Переживем это прекрасное письмо и возвратимся к такой выразительной реплике Сталина в разговоре с Н. К. Крупской.
Отдельные непроверенные данные говорят, что сказано было круче: «Мы найдем Владимиру Ильичу новую вдову». Или это было сказано по поводу некоторых активных выступлений Крупской после смерти Ленина? Но тот знаменательный декабрьский разговор подействовал на Надежду Константиновну не живительным образом. Мария Ильинична, сестра Владимира Ильича, в своих, до нашего времени не публиковавшихся, воспоминаниях писала: «Разговор этот чрезвычайно взволновал Крупскую, нервы которой были натянуты до предела, она была не похожа на себя, рыдала».

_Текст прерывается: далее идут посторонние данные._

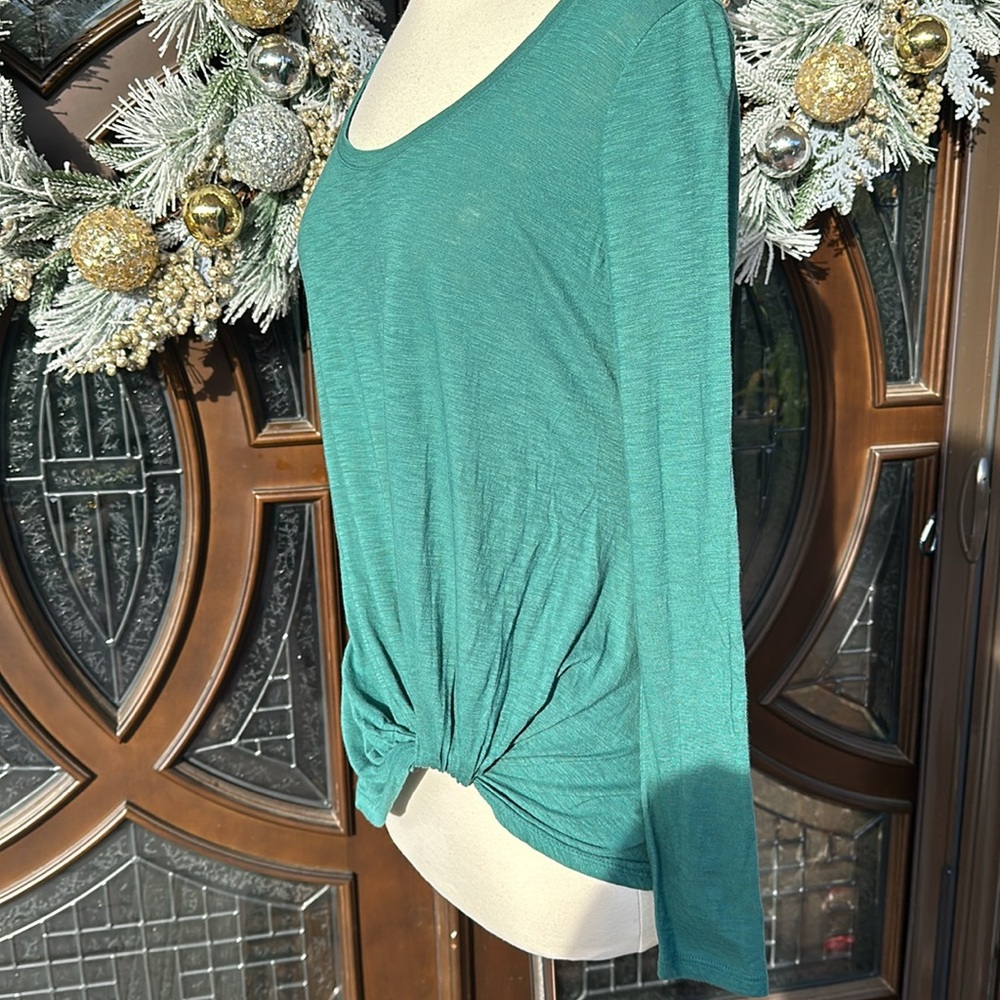 BP. Nordstrom knotted Tee Shirt 👚 - Picture 3 of 10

Но как ни велики в тот момент были обида и женское ревнивое чувство, Надежда Константиновна об этом разговоре Ленину ничего не сказала. И все же я полагаю, что в сердцах какие-то слова в адрес Сталина были тем не менее произнесены, может быть, что-то другое, конкретное, может быть, бытовое. Например, о заплаканных часто глазах Аллилуевой, жены генсека.

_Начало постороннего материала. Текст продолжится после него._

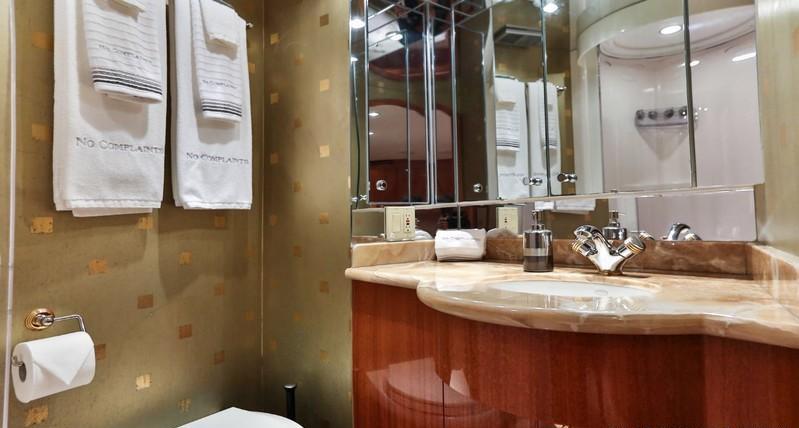 Yacht NO COMPLAINTS - VIP Ensuite.jpg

О Сталине довольно много ходило пересудов между кремлевскими квартирантами. Так, например, Троцкий описывает, попутно комментируя, сцены, связанные со старшим сыном Сталина.

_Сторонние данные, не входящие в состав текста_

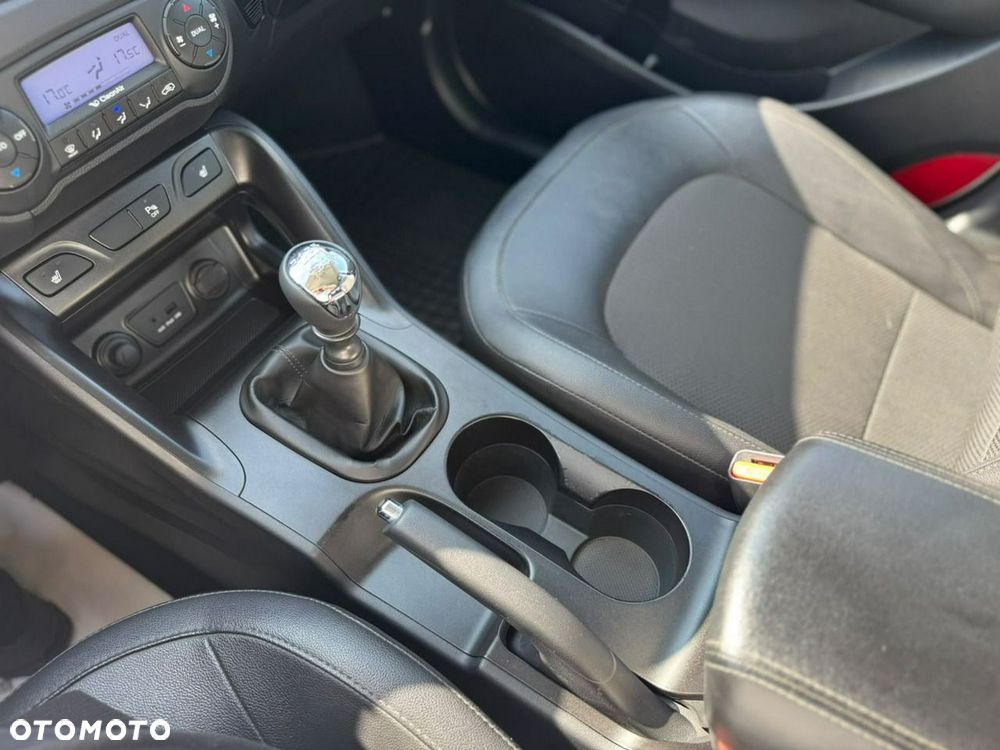 Hyundai ix35 - 23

«Ретроспективный взгляд на детство Иосифа Джугашвили способно бросить детство Якова Джугашвили, протекавшее в Кремле на глазах моей семьи. Двенадцатилетний Яша походил на отца, каким его представляют ранние снимки, не восходящие, впрочем, раньше 23 лет; только у сына в лице было, пожалуй, больше мягкости, унаследованной от матери, первой жены Сталина. Мальчик Яша подвергался частым и суровым наказаниям со стороны отца. Как большинство мальчиков тех бурных лет, Яша курил. Отец, сам не выпускавший трубки изо рта, преследовал этот грех с неистовством захолустного семейного деспота. Может быть, воспроизводя педагогические приемы Виссариона Джугашвили? Яша вынужден был иногда ночевать на площадке лестницы, так как отец не впускал его в дом. С горящими глазами, с серым отливом на щеках, с сильным запаха табака на губах, Яша искал нередко убежище в нашей кремлевской квартире. «Мой папа сумасшедший», — говорил он с резким грузинским акцентом».
Может быть, в разговоре, спровоцировавшем сталинскую грубость, действительно звучало что-то подобное. Тем не менее все это лишь попытки понять, почему Ленин, как бы закончивший в своем «Завещании» политические характеристики вождей, вдруг снова возвращается к личности Сталина.
В новой ленинской диктовке бьется что-то неожиданное. Уже в адресном отсыле этой расшифрованной и перепечатанной на машинке стенограммы к другой дате — «Добавление к письму от 24 декабря 1922 года» — Ленин бьет в точку. На этот раз он диктует Лидии Фотиевой, которая, конечно, прочла записи в Дневнике о категорической секретности именно этих материалов.